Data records
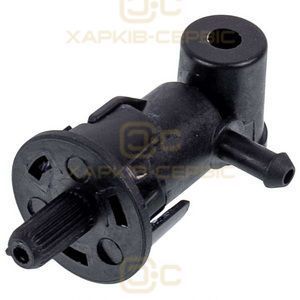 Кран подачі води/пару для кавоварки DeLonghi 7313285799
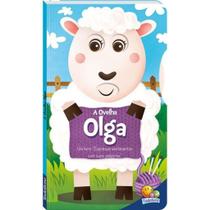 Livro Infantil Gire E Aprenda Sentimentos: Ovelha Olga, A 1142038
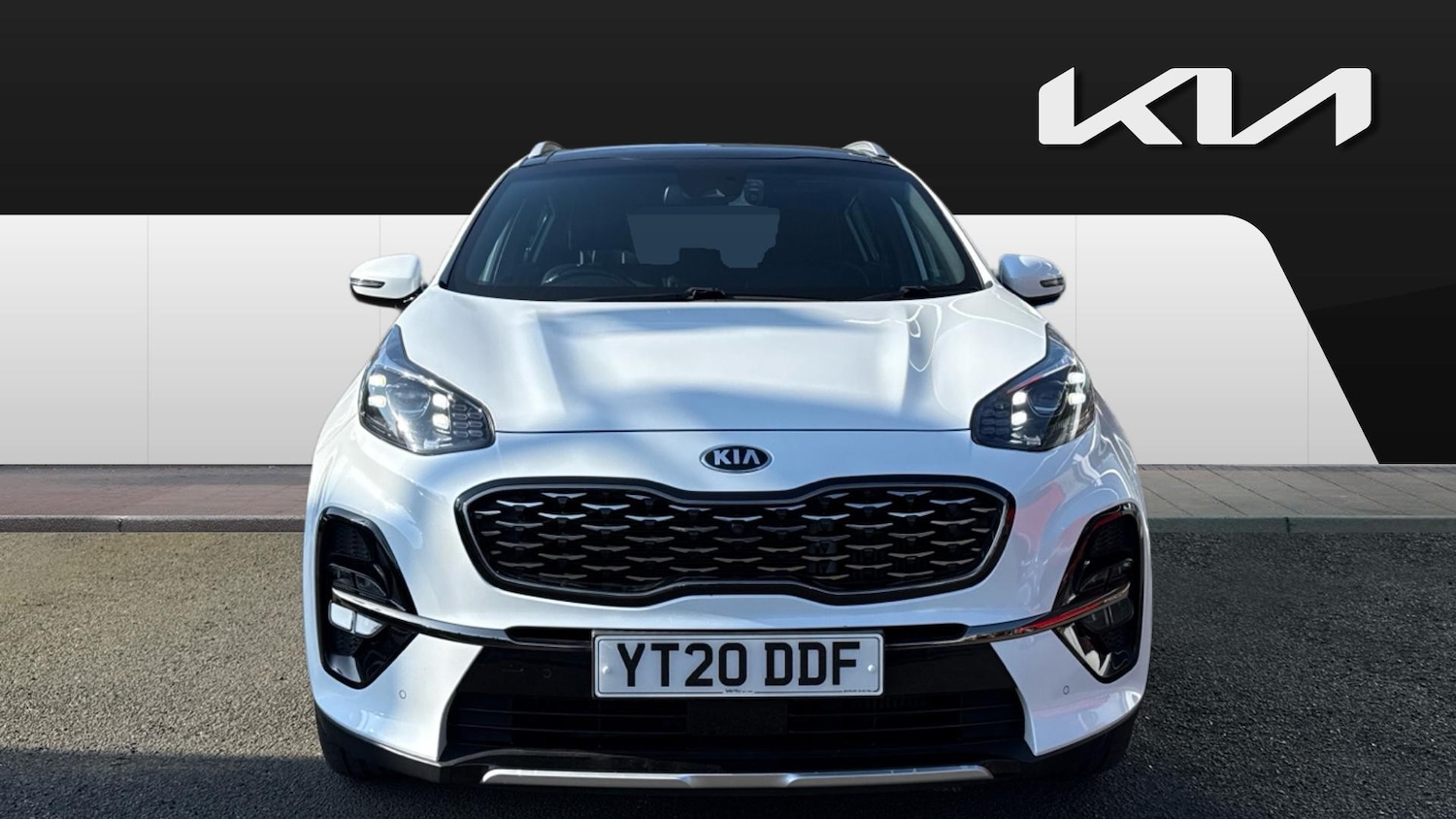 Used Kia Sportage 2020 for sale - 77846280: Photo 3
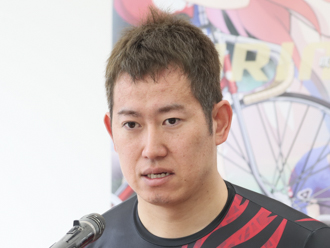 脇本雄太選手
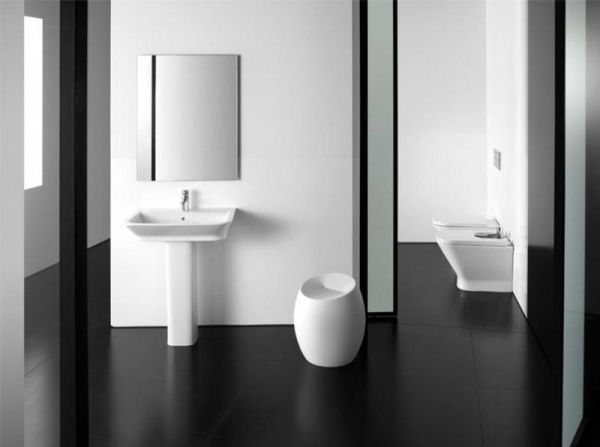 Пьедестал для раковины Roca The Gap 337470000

> **TASK STATEMENT**:
Give the entries above again word for word, without any pictures.

> **WORKED SOLUTION**:
 Кран подачі води/пару для кавоварки DeLonghi 7313285799
 Livro Infantil Gire E Aprenda Sentimentos: Ovelha Olga, A 1142038
 Used Kia Sportage 2020 for sale - 77846280: Photo 3
 脇本雄太選手
 Пьедестал для раковины Roca The Gap 337470000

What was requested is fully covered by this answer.